Try to find a 'no cure, no pay' one, the have the most interest in trying to recover files.
Mind you, for them, getting one bit of data off the drive, is called 'recovered'.

Normally they charge according to the drive capacity, even is you only have less than a quart on the 1TB, they still calculate on 1TB.

If you are in a hurry, the tend to offer a fast recovery, within 24h, if needed, but this is more for the rich and famous, because cost goes up very fast, for shorter delay.
Of course, if it is the main business server hard drive, maybe it is the only option for staying in business

We opted for the 'non priority, we'll see' option.

my brother finally had to pay 650€ (870 USD), for recovering all his family pictures,

Apparently that's the price for 'emotional value'

Good luck.

Fonnie


----------



## FrugalRefiner (Aug 3, 2014)

Thanks for the continuing input. My drive (WD Caviar SE 200 GB) is the type described by Göran. It requires a chip from the old controller board to be swapped to a new board. There's a fellow in Canada who sells on FeePay who offers this service, but I'm very hesitant to send the original board off to Canada. If it should get lost somewhere in customs on the way there or back, I'll be in worse shape than when I started.

I'm not in a hurry, so I will be taking the slower, slightly less expensive route. Datacent offers the no recovery / no fee guarantee, but as Fonnie said, I'm sure they'll manage to recover _something_. I should be hearing something back from the others tomorrow.

It's good to know they base pricing on size. I guess, in this case, bigger is not better. It's only a 200 GB drive - small by today's standards. I'll hope it costs somewhere less than the $870 level, but I'd rather spend that if I have to than to spend the hundreds of hours it would take me to recreate some of the files. I'd much rather spend that time refining, and I can cover the cost in much less time.

The lesson here is clear. Back up your files folks. Since I don't use the desktop machine much, and the failed drive only held user files (no Operating System), I didn't anticipate a problem and I got lax in my backups. Don't make the same mistake I did. It's Sunday.
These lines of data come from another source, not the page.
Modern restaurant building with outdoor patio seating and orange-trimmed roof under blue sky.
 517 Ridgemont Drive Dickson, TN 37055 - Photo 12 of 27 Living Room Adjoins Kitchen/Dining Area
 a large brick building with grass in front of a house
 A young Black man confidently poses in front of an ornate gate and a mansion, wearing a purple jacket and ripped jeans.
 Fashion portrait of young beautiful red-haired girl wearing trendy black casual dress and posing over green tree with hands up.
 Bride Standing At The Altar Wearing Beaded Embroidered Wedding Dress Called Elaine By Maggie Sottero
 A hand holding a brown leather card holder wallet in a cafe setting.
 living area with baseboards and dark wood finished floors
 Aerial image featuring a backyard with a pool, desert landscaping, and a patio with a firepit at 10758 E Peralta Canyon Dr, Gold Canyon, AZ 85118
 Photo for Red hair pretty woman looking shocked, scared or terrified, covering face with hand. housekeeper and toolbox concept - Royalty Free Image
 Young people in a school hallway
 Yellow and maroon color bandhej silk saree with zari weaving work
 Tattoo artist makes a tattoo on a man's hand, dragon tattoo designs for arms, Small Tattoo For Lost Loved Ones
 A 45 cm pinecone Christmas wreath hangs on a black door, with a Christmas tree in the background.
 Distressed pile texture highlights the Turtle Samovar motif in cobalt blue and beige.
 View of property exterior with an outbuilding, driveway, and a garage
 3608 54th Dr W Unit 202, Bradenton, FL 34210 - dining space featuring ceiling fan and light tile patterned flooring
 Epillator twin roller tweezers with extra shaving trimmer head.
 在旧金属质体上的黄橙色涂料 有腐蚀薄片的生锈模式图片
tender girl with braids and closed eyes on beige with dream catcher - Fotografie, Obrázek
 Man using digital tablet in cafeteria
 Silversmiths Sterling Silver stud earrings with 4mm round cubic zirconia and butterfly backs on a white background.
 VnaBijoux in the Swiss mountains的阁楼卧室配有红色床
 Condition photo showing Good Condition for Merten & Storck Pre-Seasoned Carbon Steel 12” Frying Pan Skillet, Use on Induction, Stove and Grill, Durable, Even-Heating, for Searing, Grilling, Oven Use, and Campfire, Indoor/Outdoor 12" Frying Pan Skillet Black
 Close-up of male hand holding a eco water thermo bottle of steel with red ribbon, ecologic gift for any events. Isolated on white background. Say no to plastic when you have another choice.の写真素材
Everyone take some time today to back up your important files.

Dave


----------



## fonnie (Aug 3, 2014)

It is good to understand the definition of a backup:

transferring files to another harddrive, and then deleting the original files, to create extra space on your data-disk, is not a real backup.

Backing up is creating extra copies, in case of.

My brother backed up to the external drive, but deleted the originals from his main drive. Hence.... no more photo's when that drive crashed.

just a thought, and a friendly warning.

best regards.

Fonnie


----------



## rickbb (Aug 3, 2014)

FrugalRefiner said:


> Thanks Rick. I didn't see your post until I replied to Mac. I've gotten the same impression about the click click. Are you able to share the cost you've incurred on the drives you've had repaired. I know they're all different, but a real world experience would be nice.
> 
> Dave



The charges ranged from nothing for not being able to recover anything, (due to the ex-employee doing a mil spec wipe after he was terminated before he shipped the laptop back), all the way up to $1,250 for about 40 gig of must have data on an accounting PC. The typical charges have been in the $500 to $800 range for the typical 20 gig or so from a failed drive doing the clicking thing you have.

The $1,250 charge included a USB external drive with the data on it, it needed to be a secure and certified copy. Usually they can put the data on a FTP site and let you download it, if you have a high speed connection and don't mind the time it takes.

Rick


----------



## Palladium (Aug 3, 2014)

I wouldn't use that company Lois Lerner used. :shock:


----------